In summary, all predictors of recovery by 2 years were associated with clinical status after short-term treatment. Female sex was the most robust predictor of recurrence, indicating the importance of understanding and reducing the vulnerabilities of female adolescents to recurrent episodes.

Correspondence: John Curry, PhD, Duke Child and Family Study Center, Duke University Medical Center, 718 Rutherford St, Durham, NC 27705 (curry005@mc.duke.edu).
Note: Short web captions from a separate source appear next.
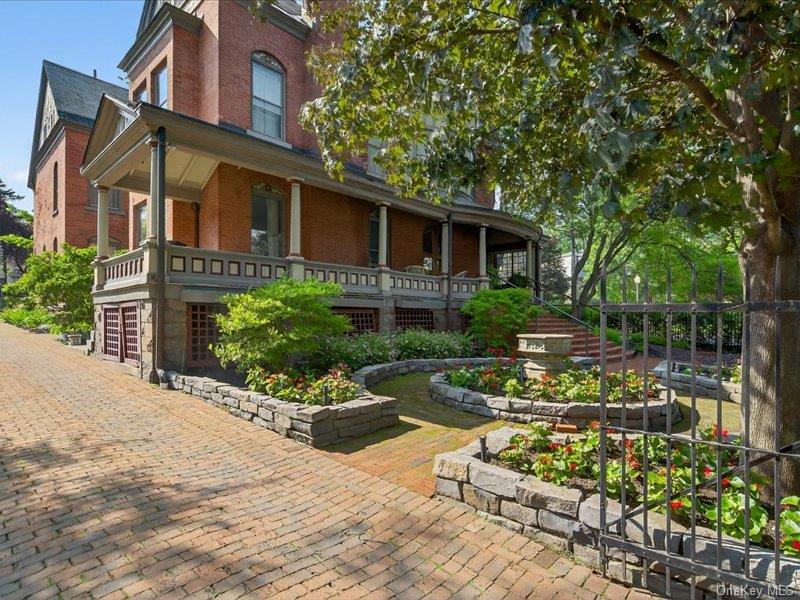 605 North Broadway, Call Listing Agent, NY 12866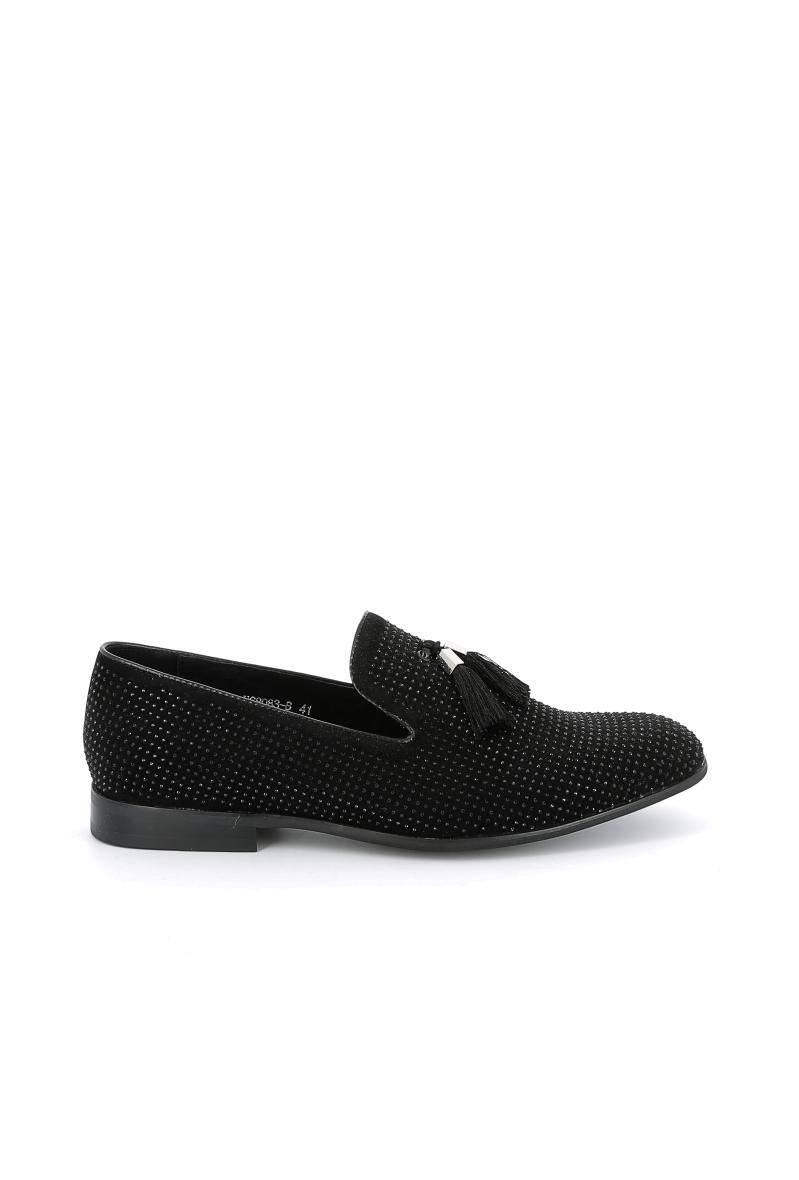 Grossiste UOMO design - Slip-on Homme en stass noir avec accessoire pompon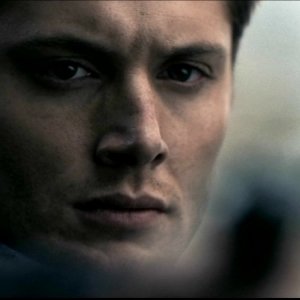 Jensen Ackles, nel ruolo di Dean Winchester, mentre uccide un demone per salvare Sam, nell'episodio 'La trappola del diavolo' di Supernatural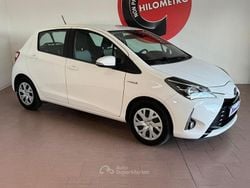 Bianco Usata 2020 Toyota Yaris Hybrid Business Edition Tre volumi | 12.810 € (Buon prezzo)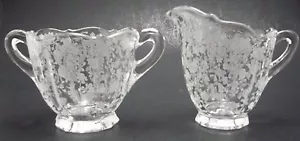 Cambridge Glas ~ elegantes Glas Rosenspitze Milchkännchen & offener Zucker ~ perfekte Stücke - Bild 1 von 6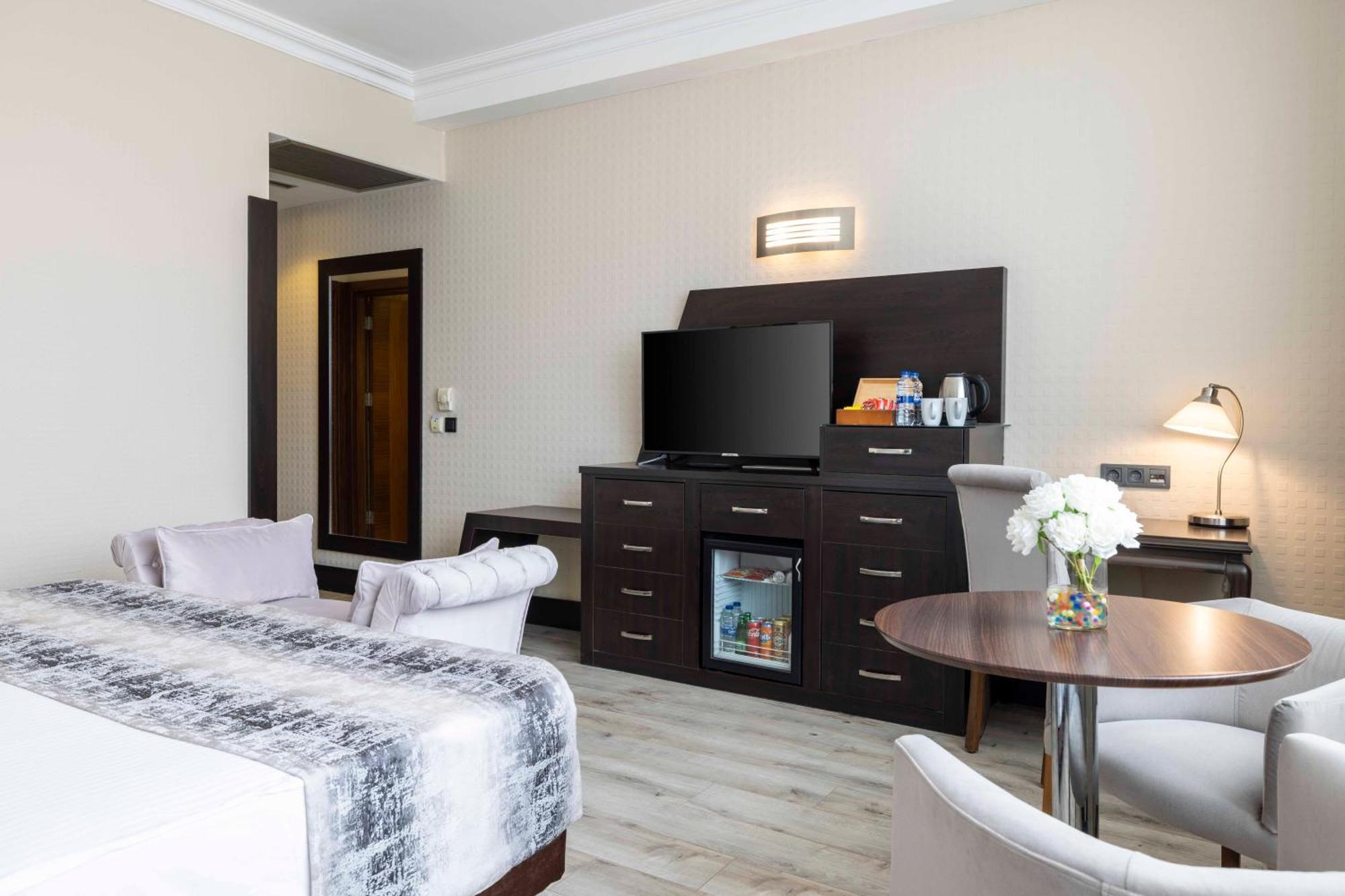 Elite Hotel Dragos Istambul Exterior foto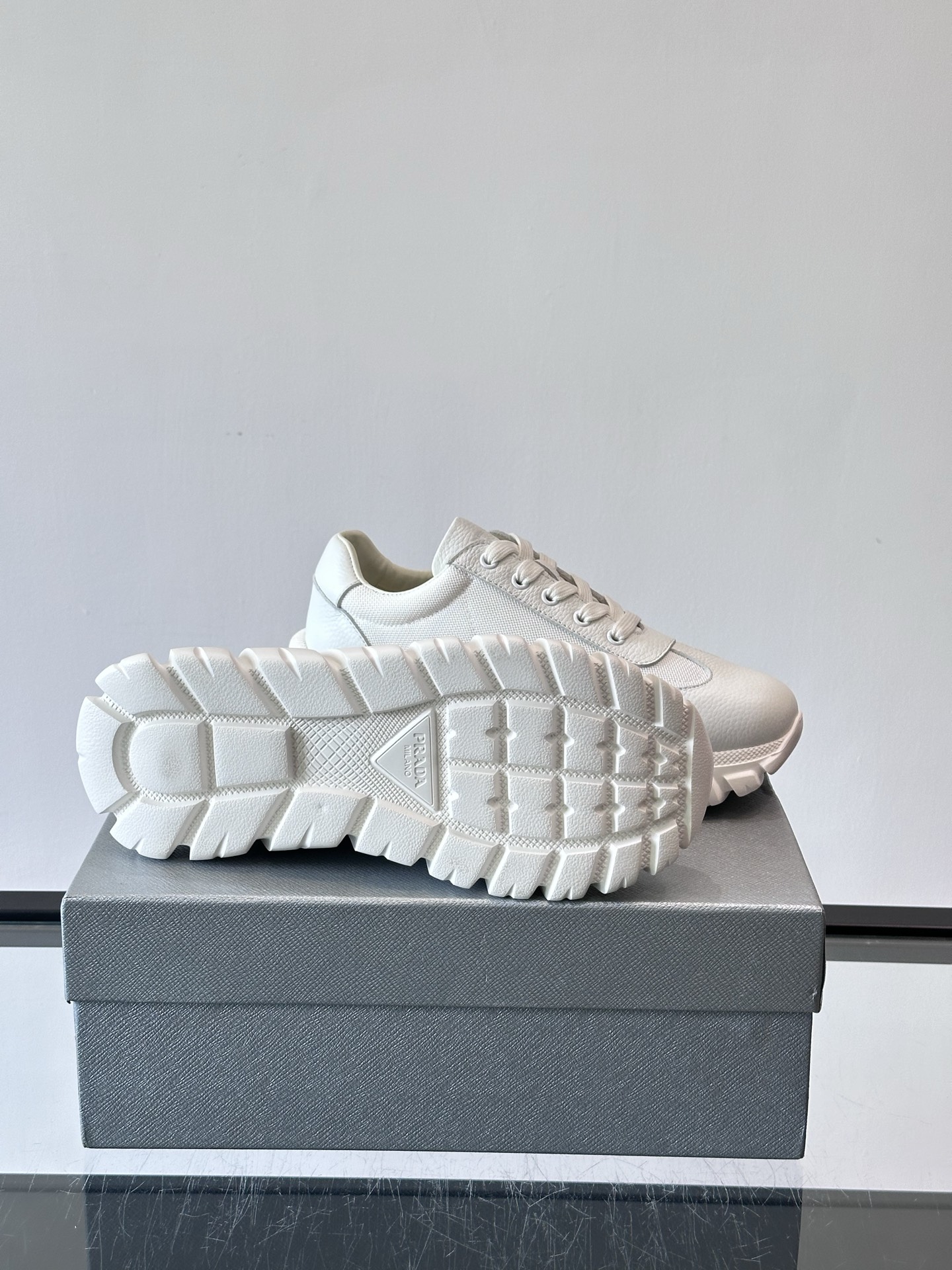 Prada男士运动鞋，选用进口牛皮，柔软细腻，搭配经典三角标，品牌辨识度超高✨。厚底设计，轻盈又舒适，日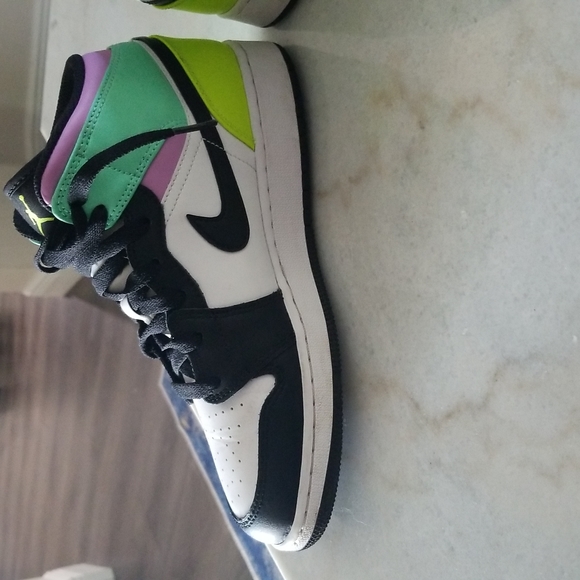 Nike Air Jordans with box - Picture 9 of 12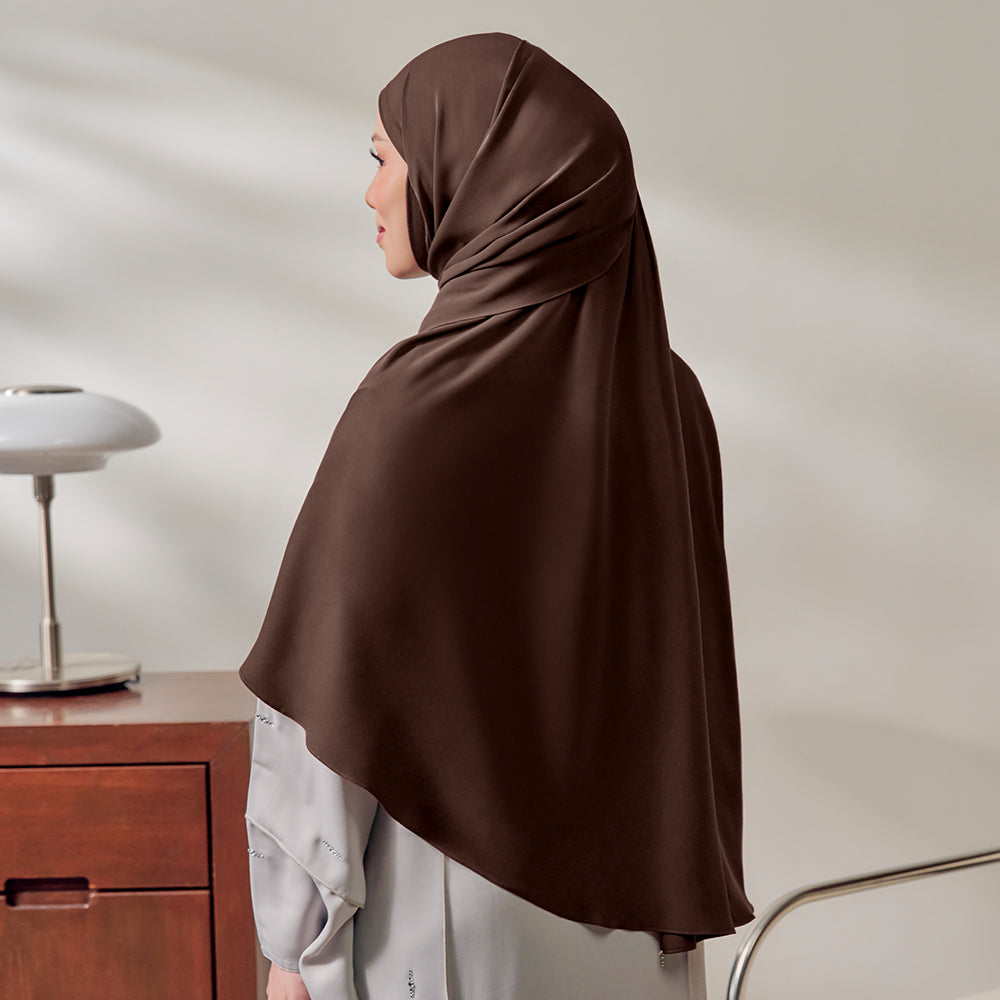 Mina Khimar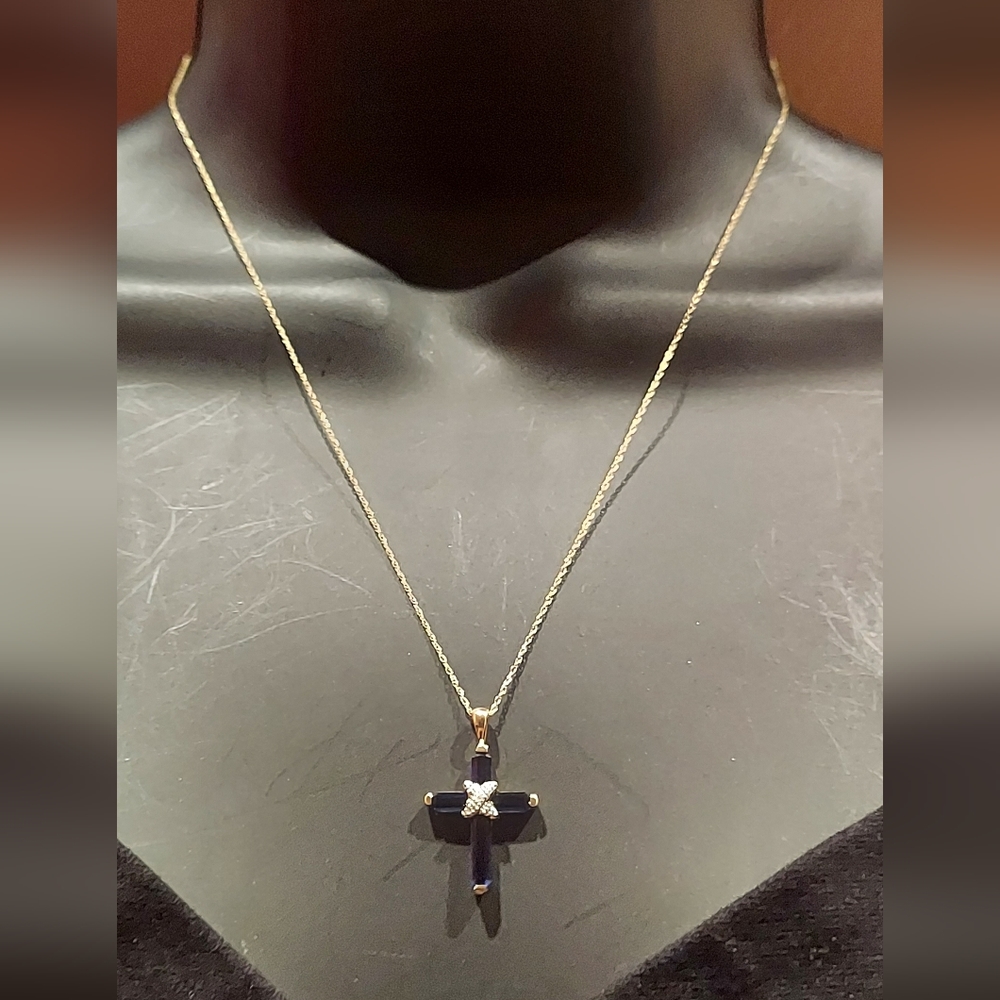 Marked (AJ-10K)Necklace Gold with cross  Very pretty 1,diamond 💎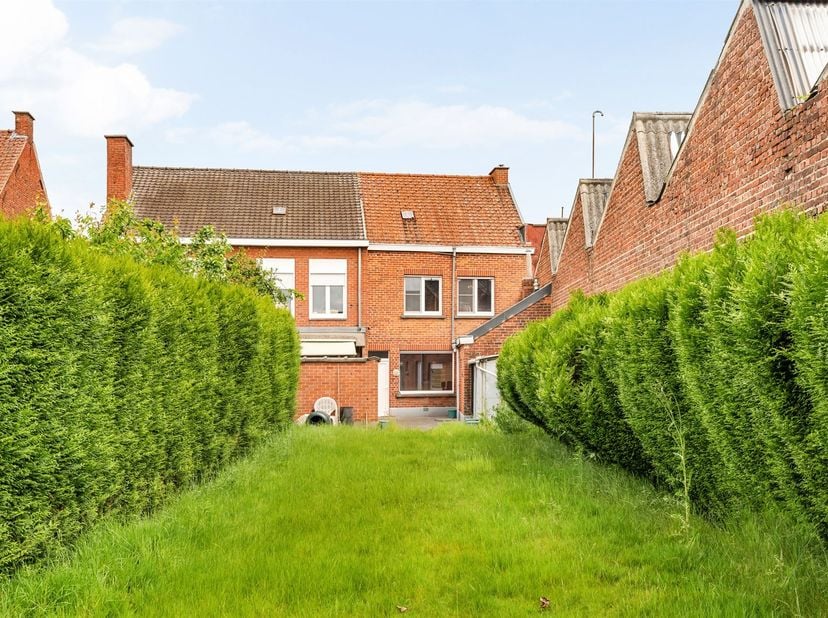 Te renoveren gezinswoning met 3 slaapkamers en grote tuin!<br />
<br />
Bent u op zoek naar een woning met veel ruimte én tal van mogelijkheden? Dan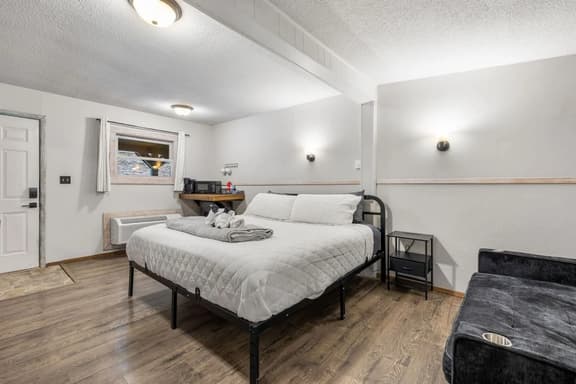 Room 18 – King Bed
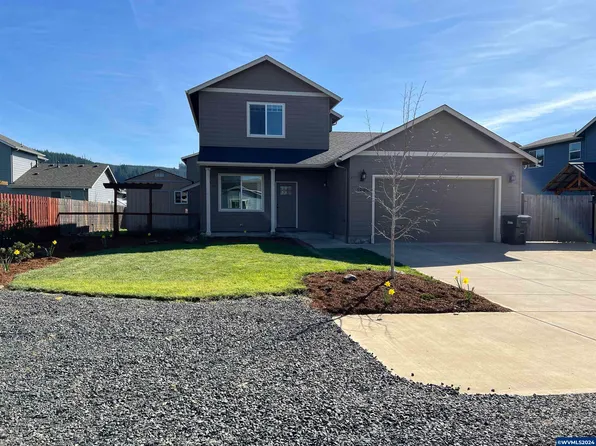 1205 Albatross Ct, Sweet Home, OR 97386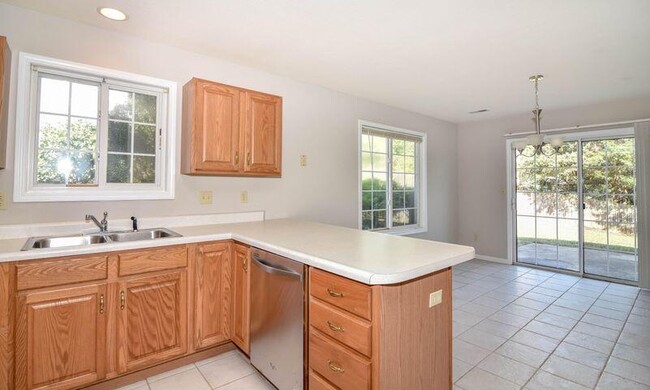 Building Photo - 1608 Apple Valley Ct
Submitted for Publication: February 8, 2010; final revision received July 12, 2010; accepted August 20, 2010.

Published Online: November 1, 2010. doi:10.1001/archgenpsychiatry.2010.150

Author Contributions: Dr Curry had full access to all of the data in the study and takes responsibility for the integrity of the data and the accuracy of the data analysis.

Financial Disclosure: Drs Curry and Wells provide training through the REACH Institute. Dr Kratochvil receives grant support from Lilly, Abbott, and Somerset and is a consultant for Lilly, Abbott, Neuroscience Education, AstraZeneca, and Pfizer. Dr Emslie is a consultant for BioBehavioral Diagnostics, Lilly, GlaxoSmithKline, Pfizer, and Wyeth, is a speaker for Forest, and receives research funding from Somerset. Dr Walkup receives research support from Pfizer, Lilly, and Abbott and receives royalties from Oxford University Press and Guilford Press. Dr March owns equity in MedAvante, is a consultant for Pfizer, Wyeth, Bristol-Myers Squibb, and Johnson & Johnson, is an advisor for Pfizer, Lilly, Scion, and Psymetrix, receives research support from Pfizer and Lilly, and receives royalties from MultiHealth Systems, Guilford Press, and Oxford University Press.

Funding/Support: This study was funded by grant R01 MH070494 from the National Institute of Mental Health (Dr Curry).

Role of the Sponsor: The National Institute of Mental Health had no role in the design and conduct of the study; in the collection, analysis, and interpretation of the data; or in the preparation, review, or approval of the manuscript.

Additional Contributions: Benedetto Vitiello, MD, coordinated administration of SOFTAD at the National Institute of Mental Health. We thank participants and the site staff who recruited them, including Margaret Price, Stephenie Frank, MS, and Sue Baab, MSN. We acknowledge the many contributions of the late Dr Elizabeth Weller, a dedicated clinical scientist.